* GIVEN INFORMATION *

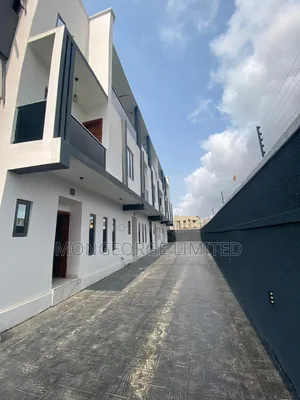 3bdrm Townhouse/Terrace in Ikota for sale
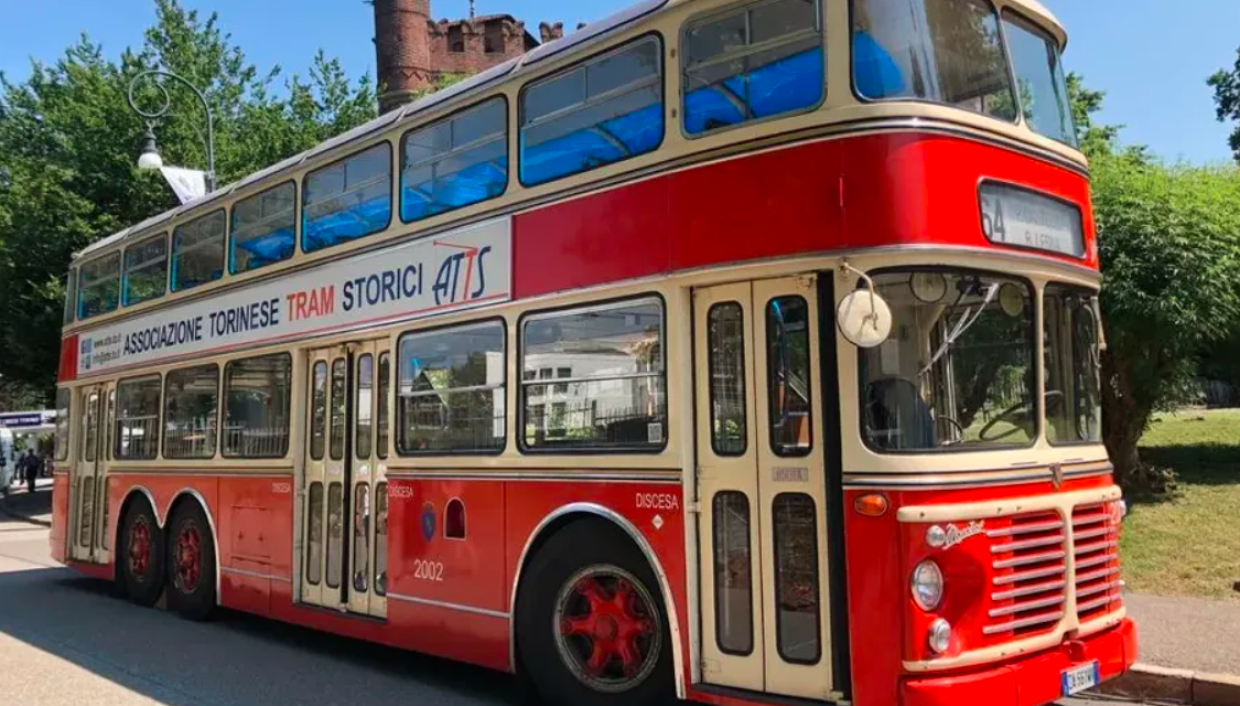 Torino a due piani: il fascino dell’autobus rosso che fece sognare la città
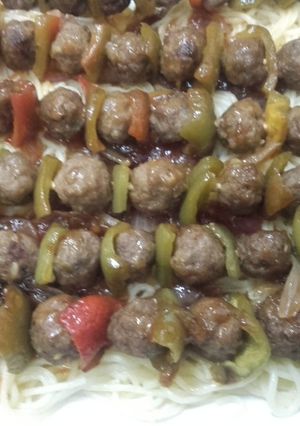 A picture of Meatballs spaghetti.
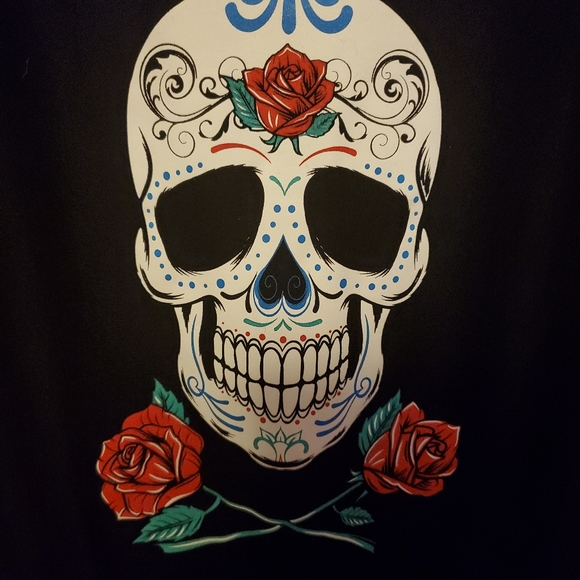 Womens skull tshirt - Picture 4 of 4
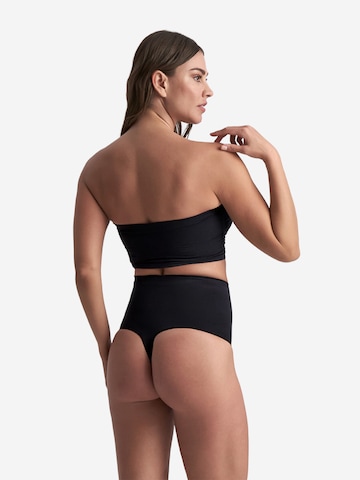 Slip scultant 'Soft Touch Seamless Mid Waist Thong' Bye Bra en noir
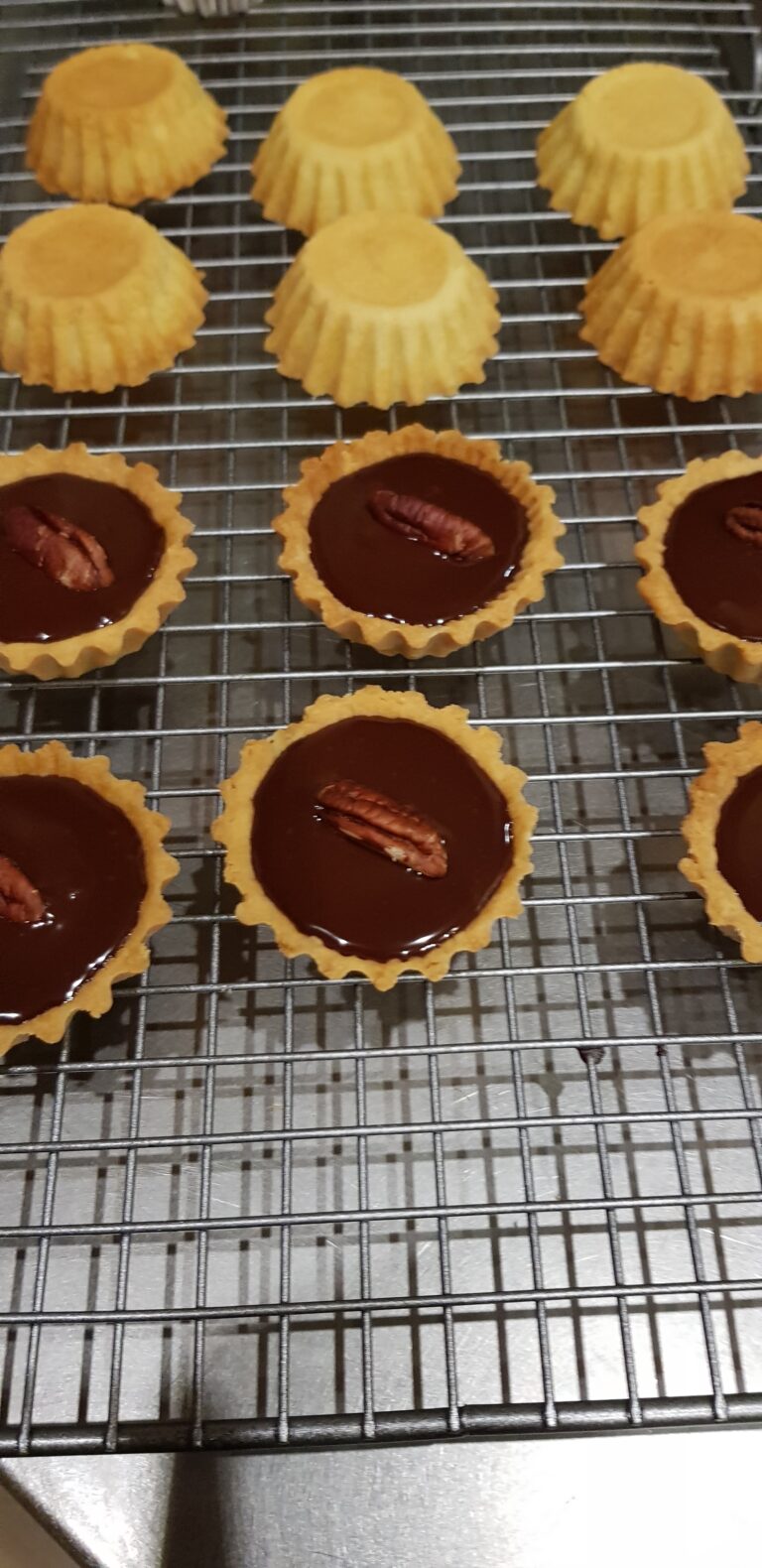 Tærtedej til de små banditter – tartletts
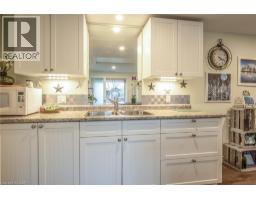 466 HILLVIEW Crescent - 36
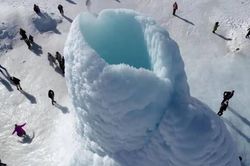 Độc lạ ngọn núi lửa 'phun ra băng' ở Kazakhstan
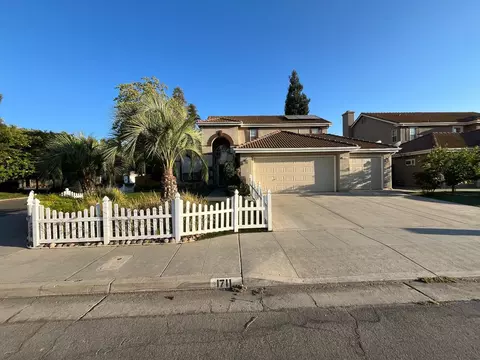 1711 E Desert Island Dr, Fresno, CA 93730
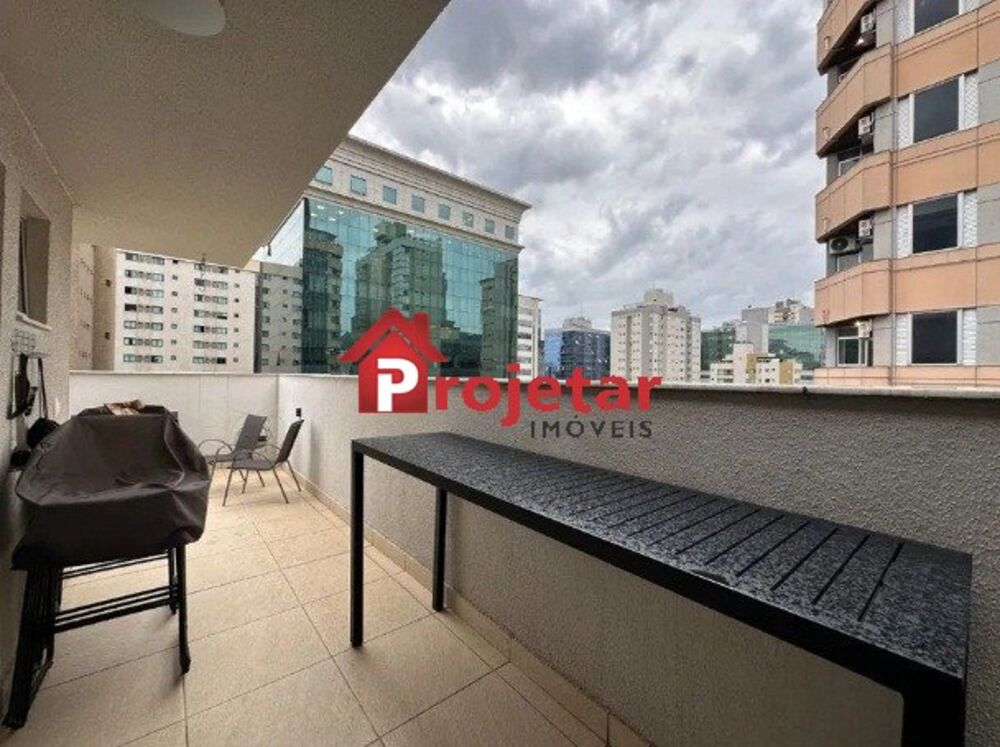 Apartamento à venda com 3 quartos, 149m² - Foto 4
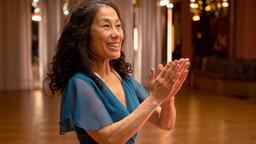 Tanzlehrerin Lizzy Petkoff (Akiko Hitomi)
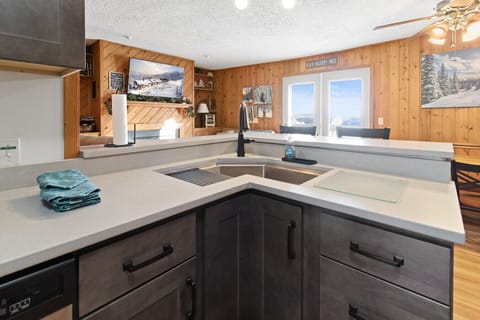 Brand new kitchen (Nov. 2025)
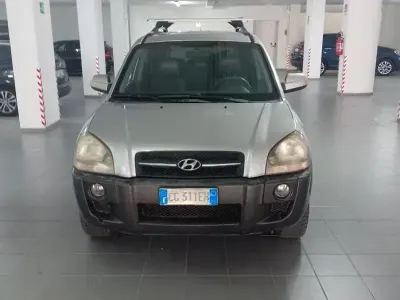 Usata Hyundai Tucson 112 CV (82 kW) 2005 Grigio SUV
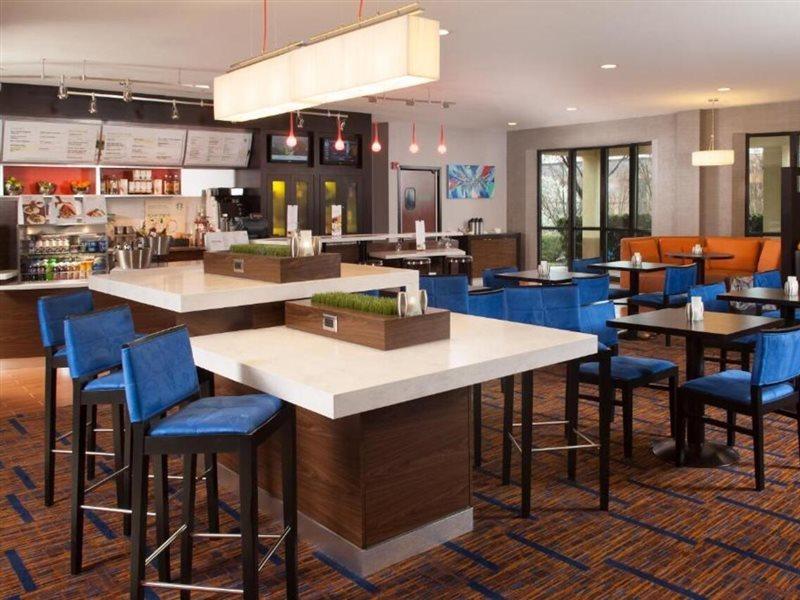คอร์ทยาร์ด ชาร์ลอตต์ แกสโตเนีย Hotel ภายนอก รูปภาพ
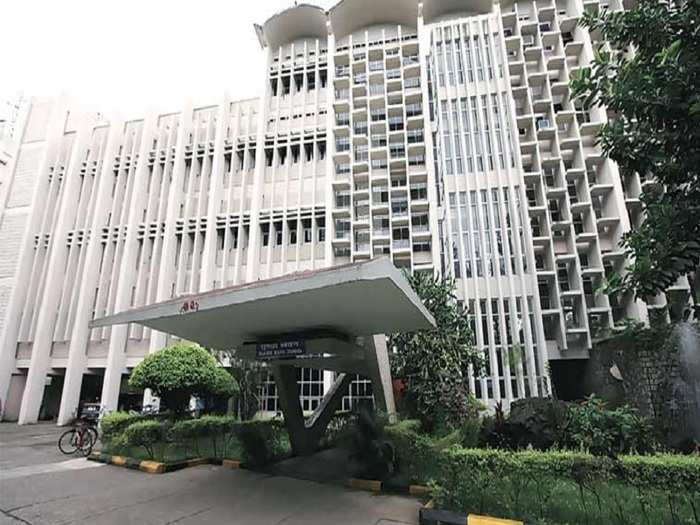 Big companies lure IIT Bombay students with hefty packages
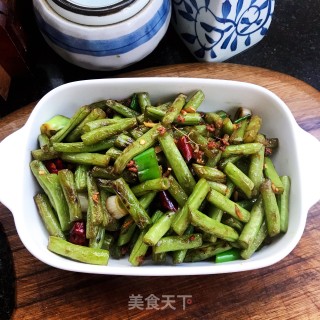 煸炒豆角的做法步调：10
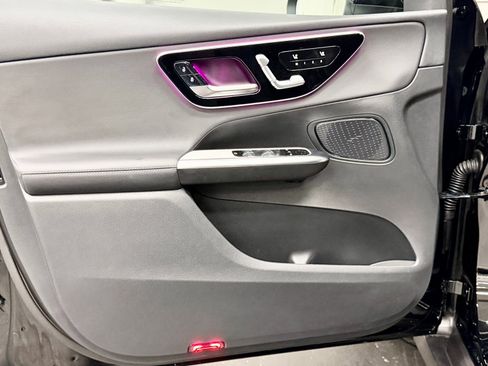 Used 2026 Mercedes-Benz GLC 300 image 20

* PROBLEM TO WORK ON *
The range to transcribe runs from the line holding "1711 E Desert Island Dr, Fresno, CA 93730" through the final line of the data above; copy it exactly and exclude the pictures.

* TASK ANSWER *
 1711 E Desert Island Dr, Fresno, CA 93730
 Apartamento à venda com 3 quartos, 149m² - Foto 4
 Tanzlehrerin Lizzy Petkoff (Akiko Hitomi)
 Brand new kitchen (Nov. 2025)
 Usata Hyundai Tucson 112 CV (82 kW) 2005 Grigio SUV
คอร์ทยาร์ด ชาร์ลอตต์ แกสโตเนีย Hotel ภายนอก รูปภาพ
 Big companies lure IIT Bombay students with hefty packages
 煸炒豆角的做法步调：10
 Used 2026 Mercedes-Benz GLC 300 image 20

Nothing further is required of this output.